In the next section, the claim of lawyers not being able to disrupt is quite
short-sighted. _Brown v. Board of Education_ , _Roe v. Wade_ , _Plessy v.
Ferguson_ , etc. etc. are all court cases, brought by lawyers, that have
caused a significant amount of disruption.

------
lutusp
The answer depends on how one defines "smarter". If "smarter" means being able
to organize things that naturally tend to become disorganized, then yes,
programmers are smarter than lawyers.

Programmers thrive by creating local violations of entropy. Lawyers _are_
entropy.

------
hackernewbie
Because of my own myopic, self-interestedness I actually do think some
programmers are smarter than most lawyers. But this article is not evidence or
argument of that.

Knowledge wise they are on a par, though having said that you can't be a
lawyer without knowing x > massive amounts of law, and you can be a programmer
(not necessarily a good one) without knowing x amounts about a language,
structures, and low level.

The kicker is abstract/mathmatical knowledge/ability. Lawyers require none. To
my mind abstract problems require the most 'intelligence' as it were. But
again that's personal bias.

------
dromidas
How is being disruptive any indication of smartness?
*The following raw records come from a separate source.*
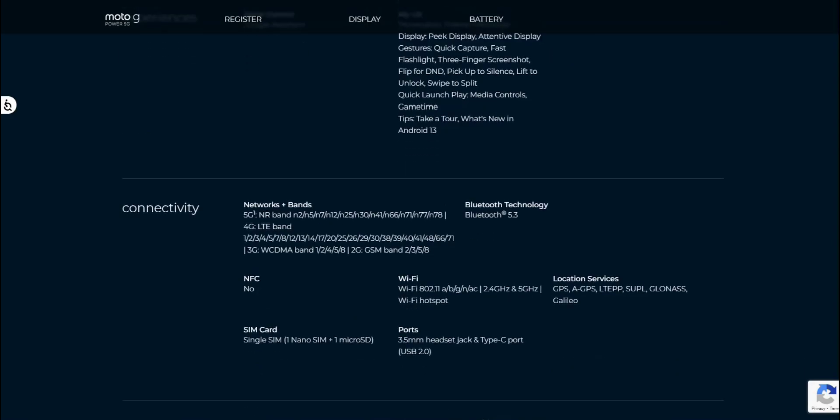Connectivity. You get 5G of course, 4G, 3G. There is no NFC, so if you guys use Google Pay and all that, this is not the phone for you. No SIM card. Bluetooth 5.3, Wi-Fi 802.11 a/b/g/n/ac. Wi-Fi hotspot. Ports. 3.5 headphone jack, type C port. Location services. GPS, AGPS and all that good stuff.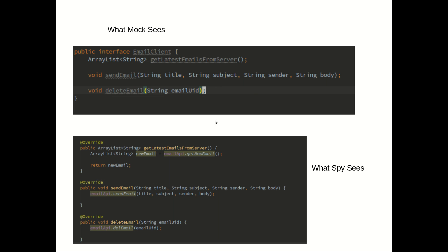This is a basic understanding of what the Mock sees. It doesn't see the body — it just sees the methods, the parameters, and the return statement. So you can manipulate that.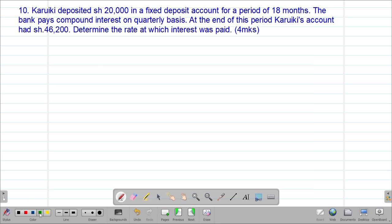So of course, I'm going to let the unknown, which is the rate, to be R. So I'll say let the rate that was being charged to be R percent per annum.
It is the field which enables you to change industry standards, not the people
who populate it.

If anyone is well known as being disruptive I would say it was the scientist.
Science research has a waaaaay longer and more impactful history of being
disruptive to society than anything else in the (recorded) history of mankind.
We programmers are a new breed and are still in our infancy. Programming
technology is still in its respective dark ages.

------
will_brown
>Do lawyers get to disrupt? I think they don't.

I could go on ad nauseam, but compare Jim Crow Laws and Plessy v. Ferguson to
Brown v. Board of Education.

A more modern example is the fine disruptive work being done at the EFF.

------
error
This is a very stupid question! So I guess you are not a programmer :)

------
guard-of-terra
peterwiese if you are reading me, you are hel lbanned and all your comments
are marked [dead].